On Sun, Apr 14, 2024 at 08:41:52AM +0200, Linux regression tracking (Thorsten Leemhuis) wrote:
> Hi, Thorsten here, the Linux kernel's regression tracker.
>
> On 28.03.24 22:17, Pawan Gupta wrote:
> > On Thu, Mar 28, 2024 at 03:36:28PM +0800, kernel test robot wrote:
> >> compiler: clang-17
> >> test machine: qemu-system-x86_64 -enable-kvm -cpu SandyBridge -smp 2 -m 16G
> >>
> >> If you fix the issue in a separate patch/commit (i.e. not just a new version of
> >> the same patch/commit), kindly add following tags
> >> | Reported-by: kernel test robot <[email protected]>
> >> | Closes: https://lore.kernel.org/oe-lkp/[email protected]
>
> TWIMC, a user report general protection faults with dosemu that were
> bisected to a 6.6.y backport of the commit that causes the problem
> discussed in this thread (6613d82e617dd7 ("x86/bugs: Use ALTERNATIVE()
> instead of mds_user_clear static key")).
>
> User compiles using gcc, so it might be a different problem.
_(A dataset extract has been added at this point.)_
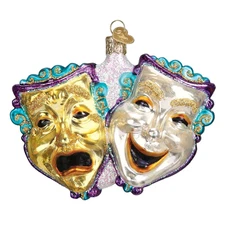 Old World Christmas Blown Glass Ornament, Comedy and Tragedy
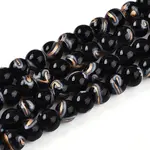 Baking Paint Glass Beads Strands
Happens
> with 6.8.y as well.
>
> The problem occurs with x86-32 kernels, but strangely only on some of
> the x86-32 systems the reporter has (e.g. on some everything works
> fine). Makes me wonder if the commit exposed an older problem that only
> happens on some machines.
>
> For details see https://bugzilla.kernel.org/show_bug.cgi?id=218707
> Could not CC the reporter here due to the bugzilla privacy policy; if
> you want to get in contact, please use bugzilla.

Sorry for the late response, I was off work. I will look into this and
get back. I might need help reproducing this issue, but let me first see
if I can reproduce with the info in the bugzilla.